Cette utilisation favorise déjà une pénurie de ces aliments sur le marché, avec un risque de manque de farine au sein de la communauté.
C’est l’alerte lancée par plusieurs habitants de cette partie de la province du Sud-Kivu, qui dénoncent le recours à ces aliments nutritifs auxquels les fabricants ajoutent d’autres produits non contrôlés pour produire ces boissons.

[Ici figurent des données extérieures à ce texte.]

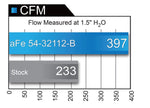 aFe MagnumFORCE Intakes Stage-2 PDS AIS 12-14 Ford F-150 EcoBoost V6 3.5L (tt)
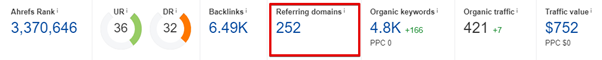 Screenshot - Ahrefs Tool showing the number of referring domains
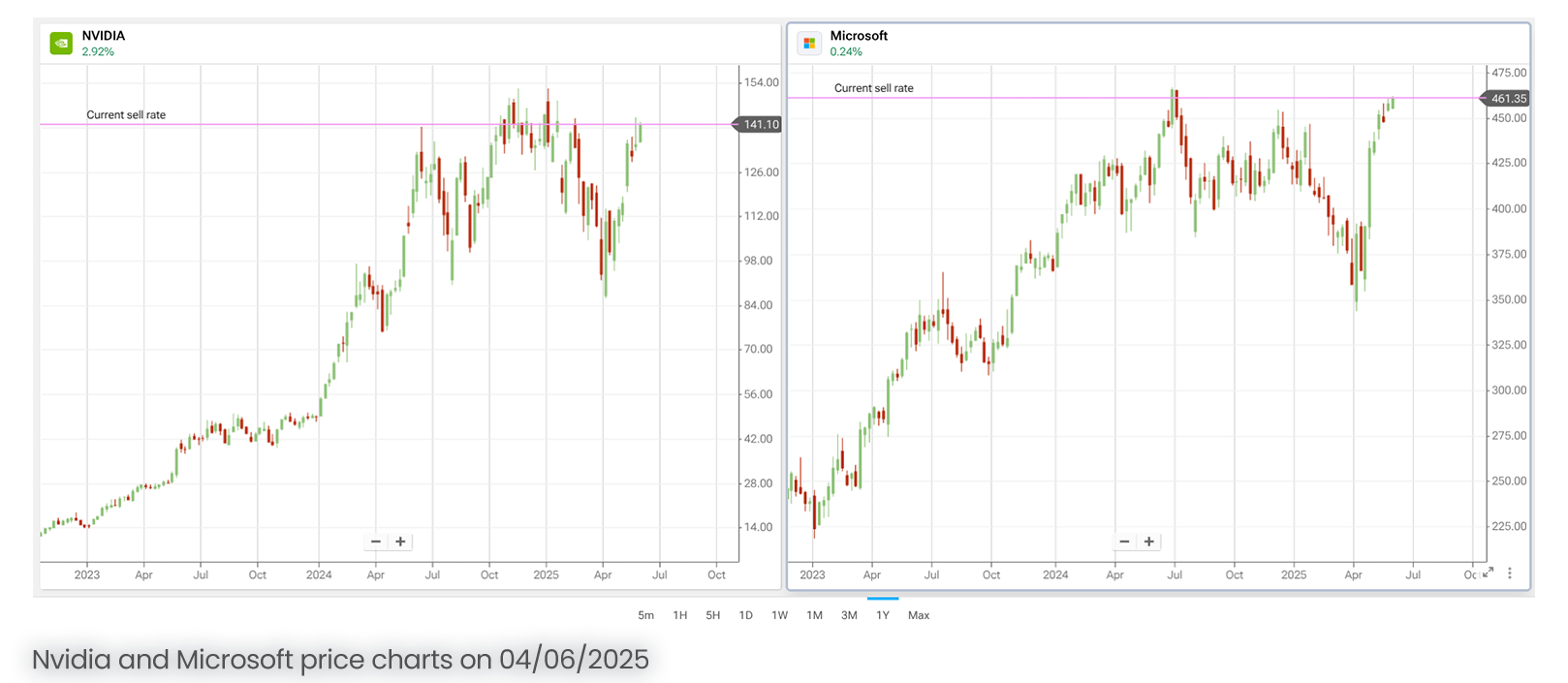 Nvidia and Microsoft price charts on 04/06/2025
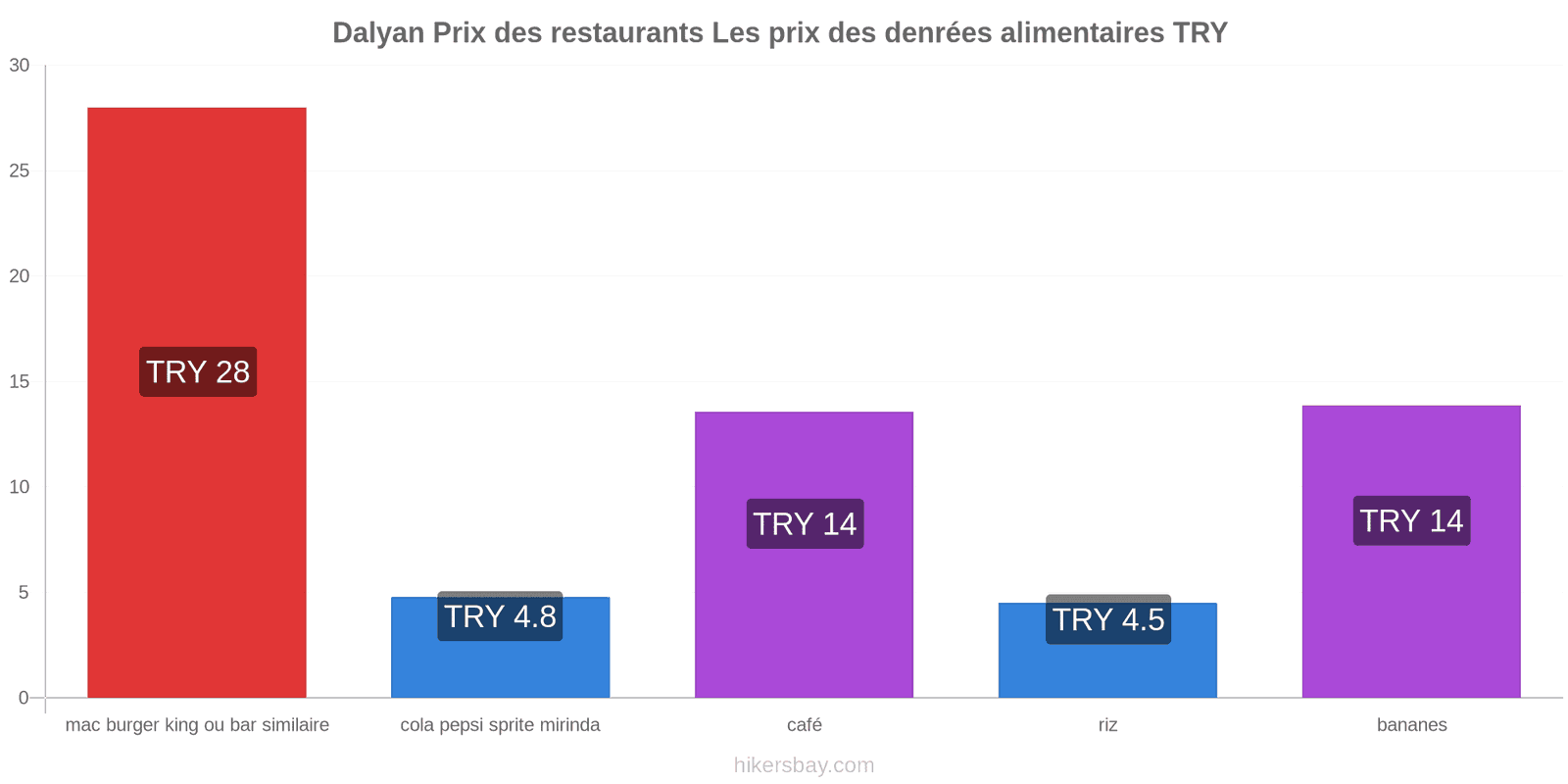 Dalyan changements de prix hikersbay.com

Dans un entretien accordé à Radio Maendeleo, un des leaders locaux, Guillain Rohosafi, affirme que plusieurs ménages n’ont plus accès à ces produits, car la tendance générale est désormais orientée vers ces boissons.
Il rappelle toutefois que les consommateurs de ces boissons fortement alcoolisées sont exposés à plusieurs conséquences, se manifestant par le gonflement des joues et des pieds, en plus d’une tendance au vieillissement prématuré, même chez les plus jeunes.
Guillain Rohosafi appelle les autorités à intervenir afin d’éviter des pertes en vies humaines et la malnutrition dans les jours à venir.